## Task
The reply must contain exactly the lines below from the one with "Indress Blouse - Camomille - Turquoise" down to the one with "Pulseira Com Coração", both included, and nothing more; please omit the pictures.

## Records supplied
━━━━━━

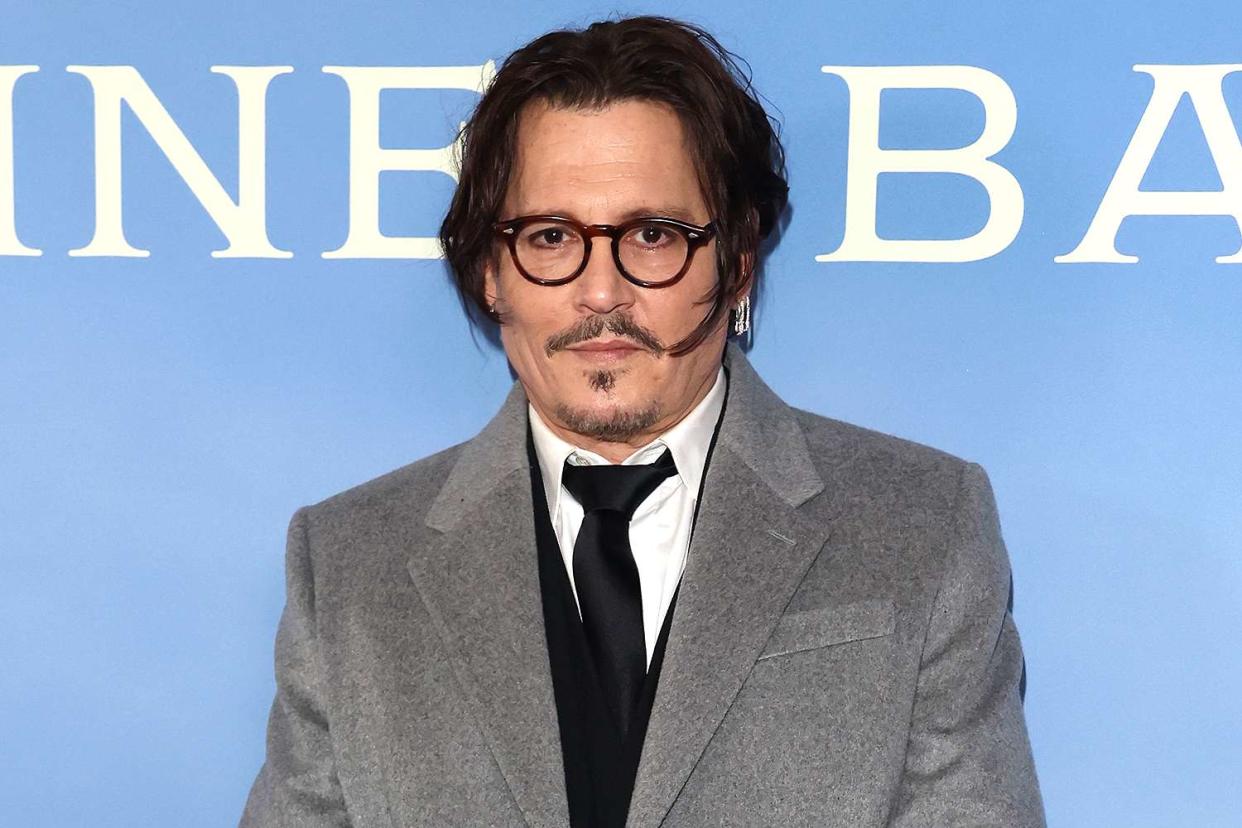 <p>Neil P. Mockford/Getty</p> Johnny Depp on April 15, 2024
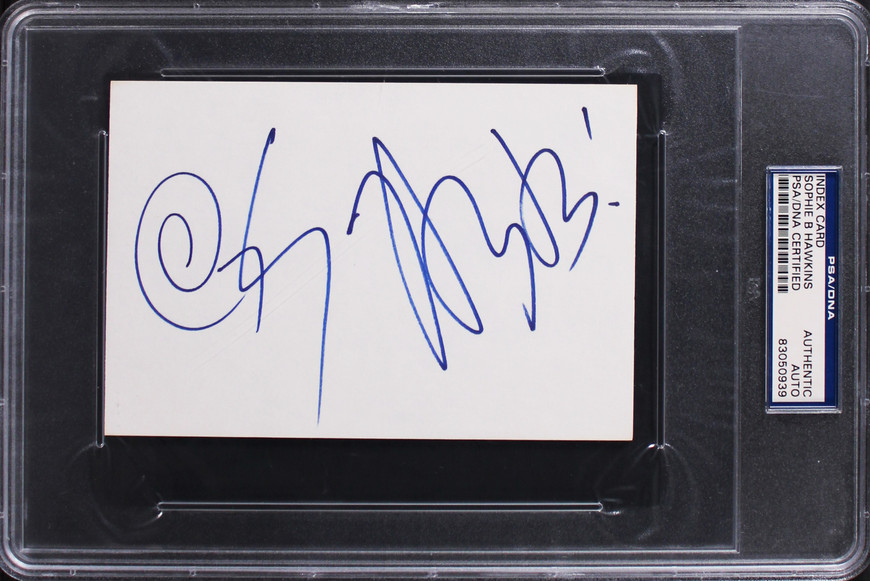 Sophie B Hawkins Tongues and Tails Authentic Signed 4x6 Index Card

━━━━━━

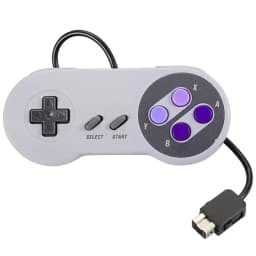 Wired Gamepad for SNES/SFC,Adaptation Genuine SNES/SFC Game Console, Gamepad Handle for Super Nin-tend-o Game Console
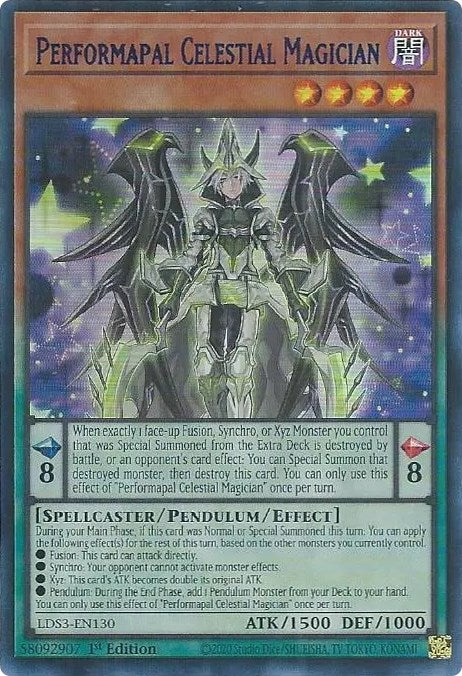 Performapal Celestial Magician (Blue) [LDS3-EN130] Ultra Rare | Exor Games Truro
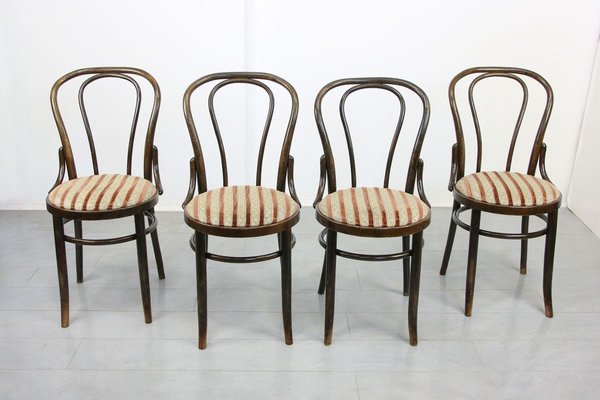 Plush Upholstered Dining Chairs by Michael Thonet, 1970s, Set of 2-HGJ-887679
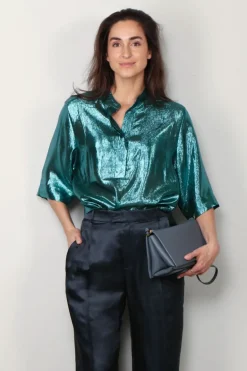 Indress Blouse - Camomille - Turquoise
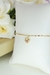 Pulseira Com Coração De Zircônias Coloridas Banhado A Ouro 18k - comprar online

━━━━━━

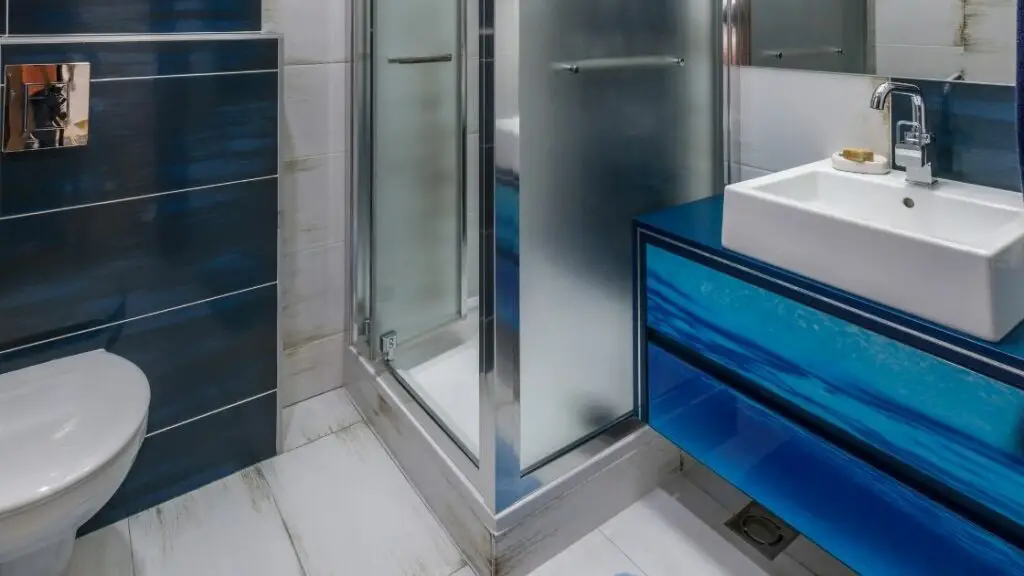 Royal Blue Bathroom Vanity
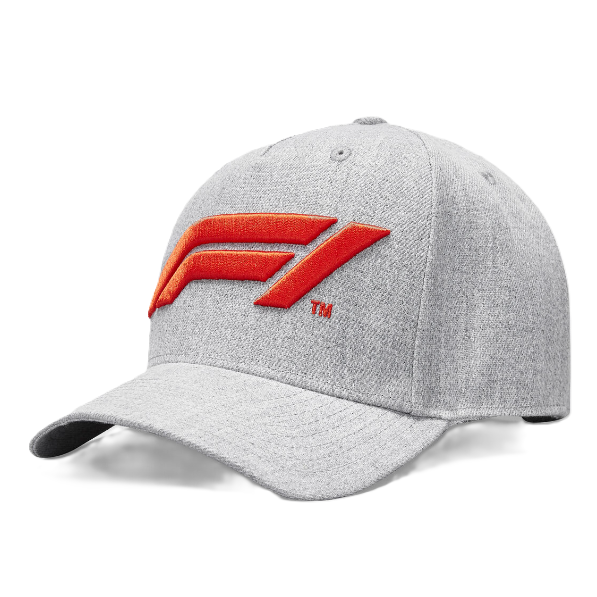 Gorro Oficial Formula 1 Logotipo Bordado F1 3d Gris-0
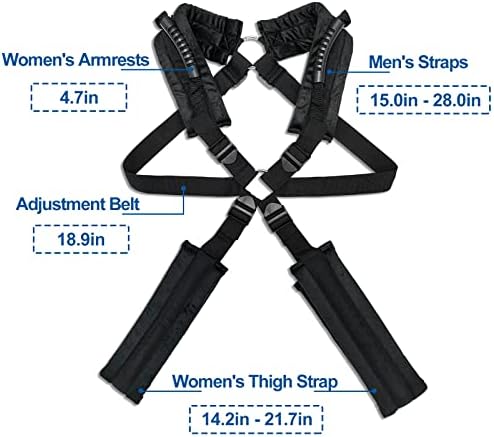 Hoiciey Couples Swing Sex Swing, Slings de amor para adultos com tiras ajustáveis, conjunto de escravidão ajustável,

━━━━━━

## Your solution
 Indress Blouse - Camomille - Turquoise
 Pulseira Com Coração De Zircônias Coloridas Banhado A Ouro 18k - comprar online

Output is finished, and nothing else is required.